* _Data provided_

______________________________

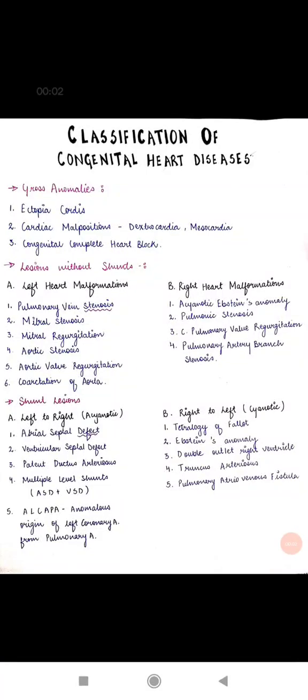Hey everyone, this is Khyati Maheshwari, and I hope you all are doing well. Without any further delay, let's directly begin with our topic: Tetralogy of Fallot.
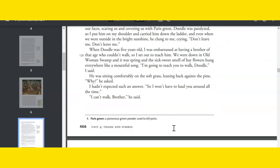When Doodle was five years old, I was embarrassed at having a brother of that age who couldn't walk. So I set out to teach him. We were down in Old Woman Swamp, and it was spring, and the sick sweet smell of bay flowers hung everywhere like a mournful song. I'm going to teach you to walk, Doodle, I said. He was sitting uncomfortably on the grass, leaning back against the pine. Why? he asked. I hadn't expected such an answer. So I don't have to haul you around all the time. I can't walk, brother, he said.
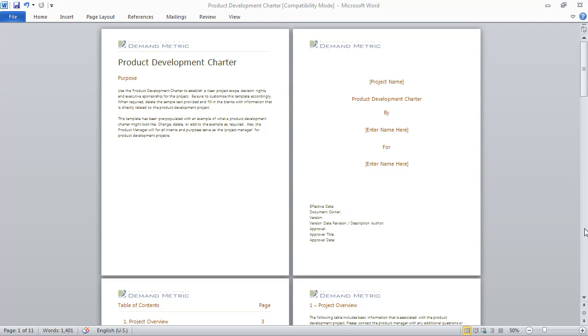If you need to communicate the details of your product development project with other team members and stakeholders within your organization, and you also want to make some resource allocation decisions, the Product Development Charter will help you stay on the right track.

______________________________

* _Prompt_
Pictures excluded, copy the lines exactly from where the material starts to the line with "When Doodle was", inclusive.

* _Response to the exercise_
Hey everyone, this is Khyati Maheshwari, and I hope you all are doing well. Without any further delay, let's directly begin with our topic: Tetralogy of Fallot.
When Doodle was five years old, I was embarrassed at having a brother of that age who couldn't walk. So I set out to teach him. We were down in Old Woman Swamp, and it was spring, and the sick sweet smell of bay flowers hung everywhere like a mournful song. I'm going to teach you to walk, Doodle, I said. He was sitting uncomfortably on the grass, leaning back against the pine. Why? he asked. I hadn't expected such an answer. So I don't have to haul you around all the time. I can't walk, brother, he said.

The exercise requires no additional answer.